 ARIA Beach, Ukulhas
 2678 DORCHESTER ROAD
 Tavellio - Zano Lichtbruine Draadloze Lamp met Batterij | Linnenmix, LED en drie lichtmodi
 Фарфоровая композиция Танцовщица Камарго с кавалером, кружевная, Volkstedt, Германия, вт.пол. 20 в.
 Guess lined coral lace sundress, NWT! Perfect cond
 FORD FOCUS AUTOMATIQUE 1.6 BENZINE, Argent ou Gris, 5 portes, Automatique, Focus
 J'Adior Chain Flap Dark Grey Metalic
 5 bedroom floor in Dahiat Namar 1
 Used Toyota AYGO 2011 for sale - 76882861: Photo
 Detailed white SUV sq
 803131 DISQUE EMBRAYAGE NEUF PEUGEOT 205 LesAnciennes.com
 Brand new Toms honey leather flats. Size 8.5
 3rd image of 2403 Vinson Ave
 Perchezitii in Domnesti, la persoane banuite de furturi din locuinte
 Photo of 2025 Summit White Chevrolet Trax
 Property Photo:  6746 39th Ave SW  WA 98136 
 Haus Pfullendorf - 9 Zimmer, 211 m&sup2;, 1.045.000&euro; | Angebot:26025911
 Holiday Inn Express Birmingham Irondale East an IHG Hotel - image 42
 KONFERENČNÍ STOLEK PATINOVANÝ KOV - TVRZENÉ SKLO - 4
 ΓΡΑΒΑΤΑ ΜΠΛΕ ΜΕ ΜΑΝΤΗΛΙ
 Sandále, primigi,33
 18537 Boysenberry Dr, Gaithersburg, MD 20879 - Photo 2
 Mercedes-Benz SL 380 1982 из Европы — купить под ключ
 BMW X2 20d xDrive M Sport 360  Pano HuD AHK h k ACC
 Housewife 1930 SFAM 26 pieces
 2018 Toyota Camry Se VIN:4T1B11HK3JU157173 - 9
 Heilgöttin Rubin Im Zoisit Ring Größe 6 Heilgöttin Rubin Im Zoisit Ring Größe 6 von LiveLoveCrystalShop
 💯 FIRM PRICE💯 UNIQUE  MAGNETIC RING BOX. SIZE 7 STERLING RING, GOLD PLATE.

■ WORK TO BE COMPLETED:
Transcribe only, please, the lines from the first line of the records through the line with "Holiday Inn Express". Both of those lines are included.

■ TASK RESULT:
 ARIA Beach, Ukulhas
 2678 DORCHESTER ROAD
 Tavellio - Zano Lichtbruine Draadloze Lamp met Batterij | Linnenmix, LED en drie lichtmodi
 Фарфоровая композиция Танцовщица Камарго с кавалером, кружевная, Volkstedt, Германия, вт.пол. 20 в.
 Guess lined coral lace sundress, NWT! Perfect cond
 FORD FOCUS AUTOMATIQUE 1.6 BENZINE, Argent ou Gris, 5 portes, Automatique, Focus
 J'Adior Chain Flap Dark Grey Metalic
 5 bedroom floor in Dahiat Namar 1
 Used Toyota AYGO 2011 for sale - 76882861: Photo
 Detailed white SUV sq
 803131 DISQUE EMBRAYAGE NEUF PEUGEOT 205 LesAnciennes.com
 Brand new Toms honey leather flats. Size 8.5
 3rd image of 2403 Vinson Ave
 Perchezitii in Domnesti, la persoane banuite de furturi din locuinte
 Photo of 2025 Summit White Chevrolet Trax
 Property Photo:  6746 39th Ave SW  WA 98136 
 Haus Pfullendorf - 9 Zimmer, 211 m&sup2;, 1.045.000&euro; | Angebot:26025911
 Holiday Inn Express Birmingham Irondale East an IHG Hotel - image 42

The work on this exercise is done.